Kiruna est une petite ville de l’extrême nord de la Suède, née de l’extraction de fer. L’activité minière est omniprésente dans le paysage, par son emprise visuelle et sonore et par son importance économique. Elle condamne aussi certains bâtiments à s’effondrer, et une partie de la ville a dû être abandonnée et reconstruite plus loin. Malgré les discours d’acteurs assurant la durabilité du projet, l’extraction minière pose la question des coûts externes qu’elle engendre.

Bibliographie | mots-clésciter cet article

Kiruna

Document 1. La mine de fer sur la montagne Kirunavaara. La photo a été prise en février 2025, à 15h30, durant la période d’enneigement, qui s’étend d’octobre à mai.

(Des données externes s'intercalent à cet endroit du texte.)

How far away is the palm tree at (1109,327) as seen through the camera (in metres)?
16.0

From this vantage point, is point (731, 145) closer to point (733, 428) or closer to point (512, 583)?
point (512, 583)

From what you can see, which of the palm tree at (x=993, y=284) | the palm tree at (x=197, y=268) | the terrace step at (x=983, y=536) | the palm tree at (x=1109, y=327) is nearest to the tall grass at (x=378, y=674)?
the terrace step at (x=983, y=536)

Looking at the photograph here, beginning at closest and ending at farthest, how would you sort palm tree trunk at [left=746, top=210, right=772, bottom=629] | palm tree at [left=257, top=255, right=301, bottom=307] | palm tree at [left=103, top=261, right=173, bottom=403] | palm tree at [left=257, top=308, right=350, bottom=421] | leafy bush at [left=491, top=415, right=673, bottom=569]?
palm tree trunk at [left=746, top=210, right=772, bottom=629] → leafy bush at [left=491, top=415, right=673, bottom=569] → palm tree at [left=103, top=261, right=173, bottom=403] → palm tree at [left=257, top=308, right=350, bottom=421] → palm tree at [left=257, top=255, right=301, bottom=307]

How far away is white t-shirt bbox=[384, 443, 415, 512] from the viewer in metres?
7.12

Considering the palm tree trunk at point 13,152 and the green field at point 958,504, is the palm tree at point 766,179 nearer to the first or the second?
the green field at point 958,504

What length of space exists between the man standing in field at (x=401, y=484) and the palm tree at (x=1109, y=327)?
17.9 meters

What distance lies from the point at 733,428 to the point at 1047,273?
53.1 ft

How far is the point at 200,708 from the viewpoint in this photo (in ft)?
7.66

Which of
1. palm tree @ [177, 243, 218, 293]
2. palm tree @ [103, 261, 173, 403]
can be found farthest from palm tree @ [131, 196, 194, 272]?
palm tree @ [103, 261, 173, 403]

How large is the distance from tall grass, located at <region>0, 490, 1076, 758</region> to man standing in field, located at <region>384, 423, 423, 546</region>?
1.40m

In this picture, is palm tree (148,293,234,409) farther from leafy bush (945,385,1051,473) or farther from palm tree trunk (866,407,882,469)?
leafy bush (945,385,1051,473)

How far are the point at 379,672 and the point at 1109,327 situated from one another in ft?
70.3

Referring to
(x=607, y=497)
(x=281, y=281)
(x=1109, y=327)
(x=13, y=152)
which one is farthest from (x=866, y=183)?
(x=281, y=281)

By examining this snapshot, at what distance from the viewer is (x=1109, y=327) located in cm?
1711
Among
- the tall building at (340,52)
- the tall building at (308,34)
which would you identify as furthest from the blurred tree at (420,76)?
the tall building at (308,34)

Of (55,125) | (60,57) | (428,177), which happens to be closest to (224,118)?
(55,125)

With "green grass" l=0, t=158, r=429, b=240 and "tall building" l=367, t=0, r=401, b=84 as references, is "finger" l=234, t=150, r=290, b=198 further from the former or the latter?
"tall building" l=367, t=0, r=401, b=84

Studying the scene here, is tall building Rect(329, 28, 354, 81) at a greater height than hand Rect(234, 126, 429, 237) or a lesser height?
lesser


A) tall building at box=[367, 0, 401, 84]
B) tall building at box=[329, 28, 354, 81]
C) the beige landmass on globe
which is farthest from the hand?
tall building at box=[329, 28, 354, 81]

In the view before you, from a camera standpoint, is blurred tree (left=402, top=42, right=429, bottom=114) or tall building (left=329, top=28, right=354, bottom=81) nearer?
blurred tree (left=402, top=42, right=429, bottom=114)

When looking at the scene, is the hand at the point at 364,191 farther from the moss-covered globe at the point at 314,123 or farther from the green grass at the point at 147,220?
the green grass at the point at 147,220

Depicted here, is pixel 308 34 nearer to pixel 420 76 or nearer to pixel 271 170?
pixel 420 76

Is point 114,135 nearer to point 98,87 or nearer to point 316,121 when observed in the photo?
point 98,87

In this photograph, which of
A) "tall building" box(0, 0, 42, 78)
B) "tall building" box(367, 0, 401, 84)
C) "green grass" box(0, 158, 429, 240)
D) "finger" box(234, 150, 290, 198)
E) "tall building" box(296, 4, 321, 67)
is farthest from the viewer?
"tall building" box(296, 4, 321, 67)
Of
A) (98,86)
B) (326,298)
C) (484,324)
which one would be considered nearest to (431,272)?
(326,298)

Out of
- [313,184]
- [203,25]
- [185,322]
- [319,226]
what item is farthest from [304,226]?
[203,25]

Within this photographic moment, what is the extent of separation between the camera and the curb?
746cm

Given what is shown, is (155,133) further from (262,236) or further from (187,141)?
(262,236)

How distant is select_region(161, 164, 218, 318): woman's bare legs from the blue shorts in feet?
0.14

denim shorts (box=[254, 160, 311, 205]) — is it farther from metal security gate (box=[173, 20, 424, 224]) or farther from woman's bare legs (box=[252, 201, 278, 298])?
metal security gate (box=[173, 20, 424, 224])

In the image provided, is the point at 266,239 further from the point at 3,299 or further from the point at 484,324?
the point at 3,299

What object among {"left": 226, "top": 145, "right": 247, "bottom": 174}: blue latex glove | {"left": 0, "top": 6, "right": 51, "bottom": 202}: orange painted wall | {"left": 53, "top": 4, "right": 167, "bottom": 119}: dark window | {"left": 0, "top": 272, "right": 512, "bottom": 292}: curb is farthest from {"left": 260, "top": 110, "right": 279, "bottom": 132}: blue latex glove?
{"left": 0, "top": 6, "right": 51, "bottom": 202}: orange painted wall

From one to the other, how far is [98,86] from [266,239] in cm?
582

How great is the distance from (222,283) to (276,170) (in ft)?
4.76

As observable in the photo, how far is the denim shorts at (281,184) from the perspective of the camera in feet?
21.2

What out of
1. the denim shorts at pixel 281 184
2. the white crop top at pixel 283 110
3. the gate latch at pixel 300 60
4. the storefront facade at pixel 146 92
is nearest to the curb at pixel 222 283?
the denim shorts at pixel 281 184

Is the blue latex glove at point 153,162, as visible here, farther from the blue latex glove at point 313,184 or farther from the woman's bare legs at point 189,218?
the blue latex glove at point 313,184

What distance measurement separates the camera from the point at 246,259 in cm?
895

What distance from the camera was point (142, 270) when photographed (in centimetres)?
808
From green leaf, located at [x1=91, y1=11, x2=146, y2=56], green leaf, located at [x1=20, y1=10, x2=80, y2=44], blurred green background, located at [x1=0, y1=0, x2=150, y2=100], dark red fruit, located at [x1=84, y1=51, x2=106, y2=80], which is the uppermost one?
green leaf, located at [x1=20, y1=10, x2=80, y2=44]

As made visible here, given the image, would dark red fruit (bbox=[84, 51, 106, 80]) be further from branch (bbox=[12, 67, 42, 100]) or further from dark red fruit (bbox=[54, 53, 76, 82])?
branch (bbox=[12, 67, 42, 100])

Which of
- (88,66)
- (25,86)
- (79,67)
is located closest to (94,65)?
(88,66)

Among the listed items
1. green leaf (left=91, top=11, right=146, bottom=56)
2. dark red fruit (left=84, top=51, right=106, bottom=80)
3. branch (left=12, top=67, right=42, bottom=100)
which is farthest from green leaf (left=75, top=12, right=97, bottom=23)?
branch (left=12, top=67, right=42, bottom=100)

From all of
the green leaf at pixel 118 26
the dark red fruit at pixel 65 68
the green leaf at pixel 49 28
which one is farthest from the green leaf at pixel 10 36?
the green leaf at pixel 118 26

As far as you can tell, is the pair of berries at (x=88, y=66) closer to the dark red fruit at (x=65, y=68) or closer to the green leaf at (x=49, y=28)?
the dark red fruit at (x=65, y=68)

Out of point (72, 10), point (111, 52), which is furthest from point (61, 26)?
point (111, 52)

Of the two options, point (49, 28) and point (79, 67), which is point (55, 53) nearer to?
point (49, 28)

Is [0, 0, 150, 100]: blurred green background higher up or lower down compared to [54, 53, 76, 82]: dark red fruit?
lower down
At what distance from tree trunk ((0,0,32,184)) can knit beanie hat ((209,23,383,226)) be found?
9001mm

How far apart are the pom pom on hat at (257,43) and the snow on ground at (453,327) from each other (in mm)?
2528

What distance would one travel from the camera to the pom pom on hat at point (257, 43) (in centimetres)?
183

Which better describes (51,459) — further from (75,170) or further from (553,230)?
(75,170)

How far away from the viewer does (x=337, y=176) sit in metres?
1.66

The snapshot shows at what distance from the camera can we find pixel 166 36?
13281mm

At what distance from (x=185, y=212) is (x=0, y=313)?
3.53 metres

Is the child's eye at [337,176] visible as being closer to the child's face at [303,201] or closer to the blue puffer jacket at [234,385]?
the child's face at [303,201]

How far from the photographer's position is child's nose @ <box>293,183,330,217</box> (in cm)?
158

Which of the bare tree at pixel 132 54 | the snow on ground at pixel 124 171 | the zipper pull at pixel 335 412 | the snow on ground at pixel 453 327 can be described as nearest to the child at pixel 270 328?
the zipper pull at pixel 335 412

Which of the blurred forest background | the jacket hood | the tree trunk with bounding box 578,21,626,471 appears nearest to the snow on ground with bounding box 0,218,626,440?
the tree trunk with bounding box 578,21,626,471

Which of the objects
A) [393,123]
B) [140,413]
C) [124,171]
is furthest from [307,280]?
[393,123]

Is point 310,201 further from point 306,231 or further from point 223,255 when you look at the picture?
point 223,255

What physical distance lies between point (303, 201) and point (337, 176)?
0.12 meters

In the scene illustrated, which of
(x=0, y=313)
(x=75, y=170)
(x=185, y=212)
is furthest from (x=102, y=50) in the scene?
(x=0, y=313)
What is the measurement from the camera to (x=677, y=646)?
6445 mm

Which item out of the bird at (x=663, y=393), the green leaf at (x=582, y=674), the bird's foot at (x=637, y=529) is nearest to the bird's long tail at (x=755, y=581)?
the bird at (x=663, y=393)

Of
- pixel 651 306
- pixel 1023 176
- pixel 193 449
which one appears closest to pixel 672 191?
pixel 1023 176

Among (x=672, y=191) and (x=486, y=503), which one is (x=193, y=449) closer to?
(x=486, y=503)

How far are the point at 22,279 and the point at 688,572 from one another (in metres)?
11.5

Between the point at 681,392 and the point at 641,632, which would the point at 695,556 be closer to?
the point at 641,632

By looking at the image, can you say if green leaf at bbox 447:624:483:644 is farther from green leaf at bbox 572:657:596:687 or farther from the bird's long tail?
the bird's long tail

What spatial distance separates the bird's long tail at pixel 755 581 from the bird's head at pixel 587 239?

  • Autrice du cliché : Lætitia Balaresque
  • Lieu de prise de vue : Depuis la Luossavaara en direction du sud-ouest, 67°52'28.7"N 20°13'15.1"E
  • Date : 23 février 2025, à 15h30.
  • Droits d’usage : CC-BY-NC-SA (licence Creative Commons non commerciale) ; photographie libre de droits pour l’usage pédagogique dans la classe.

schéma

Document 2. Éléments d’interprétation de la photographie

Le regard de la géographe

Située à 200 km au nord du cercle polaire arctique, dans le comté de Norrbotten, en Suède, la mine de Kiruna est la plus grande mine de fer souterraine du monde. En 2023, 22,3 millions de tonnes de minerai ont été extraits de cette mine fonctionnant toute l’année 24 heures sur 24. Le fer de Kiruna représente 11% des exportations suédoises et la mine occupe une place majeure dans l’économie du pays : elle est détenue par la LKAB (Luossavaara-Kiirunavaara Aktiebolag), société sous contrôle de l’État suédois depuis 1976. Luossavaara et Kiirunavaara sont les deux montagnes où se trouvent les gisements (celui de Luossavaara a fermé en 1961), et Aktiebolag signifie société. 80 % de la production de fer européenne provient des mines suédoises de la LKAB, toutes situées dans le Norrland, le « pays du Nord ». La mine a fait naître la ville de Kiruna, isolat minier et ville-usine à 900 km au nord de la capitale, Stockholm. Cette proximité génère des risques, au premier rang desquels les tassements et les effondrements de terrain, qui se multiplient depuis la fin des années 1990 en raison de l’expansion de la mine sous la ville. En 2004, la LKAB annonce le déménagement de la ville afin de poursuivre l’exploitation du gisement, qui s’étend sous des bâtiments et habitations. Très médiatisée, cette relocalisation commencée en 2014 se poursuit encore aujourd’hui.

image satellite

Document 3. Image satellite interprétée

Un extractivisme du Nord

L’exploitation du minerai de fer débute à la fin du XIXe siècle, menant à la création de la ville et à la construction d’une route et d’un chemin de fer, achevés en 1903. La LKAB possède une filiale ferroviaire (LKAB Malmtrafik AB) qui lui permet d’expédier le minerai en train-bloc vers le port de Narvik, en Norvège, libre de glace toute l’année. Jusqu’en 1965, l’exploitation se fait à ciel ouvert, avant de devenir souterraine quand le gisement de surface commence à s’épuiser. Aujourd’hui, 500 km de routes goudronnées s’enfoncent jusqu’à 1 365 m de profondeur. Le minerai non raffiné est encore particulièrement pur, avec une concentration de 60 % de fer.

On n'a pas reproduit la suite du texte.